My daughter looked like a child on one of the "feed the children" ads. She was skin and bones with a bloated belly caused by starvation. She had a vocabulary of a one year old, but knew how to tie her shoes, because her uncle beat her if they weren't tied. SHe didn't know how to eat with silverware or understand why she had her own bed. Se didn't want to change her clothes because it was the only outfit she had. She had two emotions, absent and rage. There was no child there.

I am writing this now because I need to remember this. I need to think about this every day. Especially now. She was doing great. so you forget about this sometimes and begin to expect her to meet up to your expectations. Then last fall we had an awful scare and the state almost removed her from me, all because of a misunderstanding. Her workers were all fighting for us. Then my daughter began a steady spiral down and I forgot about her past, I just remembered about how good she had been doing. I fought for her to be back, without realizing how far she still was from where she came. We also have all of this paperwork issues that have postponed the adoption for over a year now, trying to get it all settled. She needs that adoption.

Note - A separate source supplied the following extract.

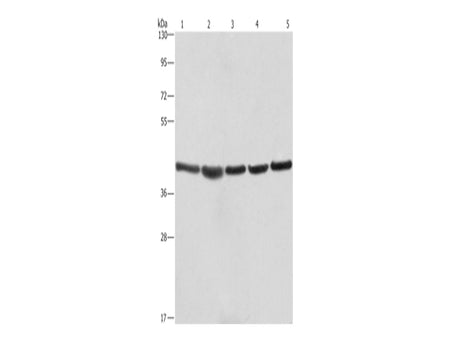 RPSA Polyclonal Antibody Store at -20°C - MSE Supplies LLC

Today she acted like a selfish little stubborn eight year old. Nothing extreme, or "bad" even, just pushing my buttons. I over reacted. I want my daughter from last summer back, and the last few weeks she had been doing so good again that her attitude today made me lose some needed hope. I asked her "Don't you care about me?" and she didn't respond. It wasn't a fair question especially when emotions were charged, but I took it hard that she couldn't just say yes. WHy doesn't she say she loves me when emotions are hard? I know why and I just wrote why, but sometimes in the moment it is hard for me too. I will need to do some damage control after today, but this felt good finally putting her suffering into words, it will help imprint them into my brain so when I start feeling disappointed I can remember where she came from.

When it starts to feel hard to love her, I can remember why she needs it more.

Monday, March 7, 2011

All the story...

My youngest, my butter bean has been so off this last week, I know that him trying to make some sense out of this crazy world is whats getting to him. How is he to understand that he has siblings and that they are his baby brothers and sisters, yet he will never know them like that and they will be raised by someone else. This stuff is confusing to me as an adult, it makes my brain and my heart hurt. How else would a four year old react except to be a stinkpot and a clingy little man who decides that sleep is unnecessary. I hope that he starts healing this week.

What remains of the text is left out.